Merely trying to evaluate this character vector gives the following error in R. Note that this is not an ordinary exception that the programmer can catch; it exists as a language-level error.

Error: nul character not allowed (<input>:1:12)

So let’s say that you want to encode and decode strings to URL-encoded bytes, both with and without embedded nulls.

R provides URLencode and URLdecode but these carry the same limitation: no nulls allowed. The solution below encodes directly from raw vectors. Raw vectors represent vectors of byte values, any byte value, including nulls. So encoding and decoding directly to and from raw vectors overcomes the limitations of character vectors.

Raw URL Encoding

The following adapts the base package’s URLencode albeit not vectorised, meaning that it operates on just one raw vector. The input \(x\) is a single raw, i.e. type raw, of any length. It answers one character vector representing the input by escaping the naughty bytes.
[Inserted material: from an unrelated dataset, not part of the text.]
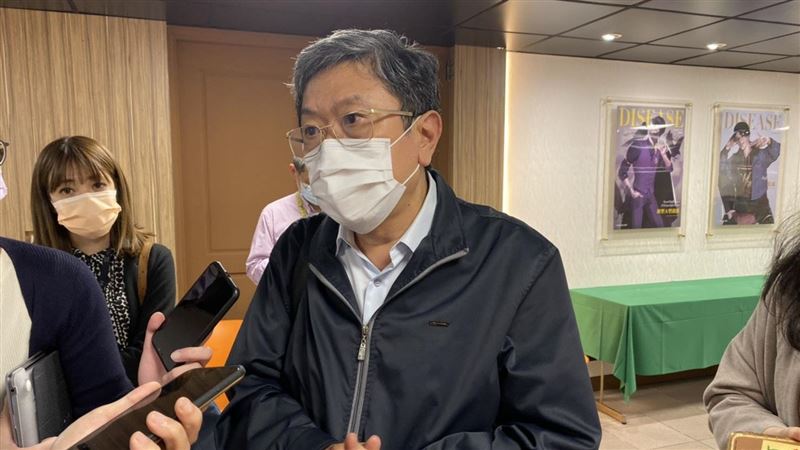 為何改阿中帶頭打疫苗？李P4字妙回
#' URL-encodes a raw vector.
#' @param x Raw vector to escape.
#' @param reserved Reserves non-escaped symbols if TRUE.
#' @returns Escaped character vector.
#' @examples
#' # One raw null to escaped "%00" character vector.
#' rawURLencode(as.raw(0L))
#'
#' # Encodes reserved symbols. Answers "%23%21".
#' rawURLencode(charToRaw("#!"), reserved = TRUE)
#' @export
rawURLencode <- \(x, reserved = FALSE) {
  if (length(x) == 0L) {
    return("")
  }
  ok <- charToRaw(paste0(
    if (!reserved) {
      "][!$&'()*+,;=:/?@#"
    },
    "ABCDEFGHIJKLMNOPQRSTUVWXYZ",
    "abcdefghijklmnopqrstuvwxyz0123456789._~-"
  ))
  paste(vapply(x, \(xx) {
    if (xx %in% ok) {
      rawToChar(xx)
    } else {
      paste0("%", toupper(as.character(xx)), collapse = "")
    }
  }, character(1L)), collapse = "")
}

The implementation forms a vector of the non-escaped raw byte values, ok, which depends on reserved.

Raw URL Decoding

The operation in reverse appears below and applies a somewhat less functional approach along with a dash of hexadecimal jiggery-pokery.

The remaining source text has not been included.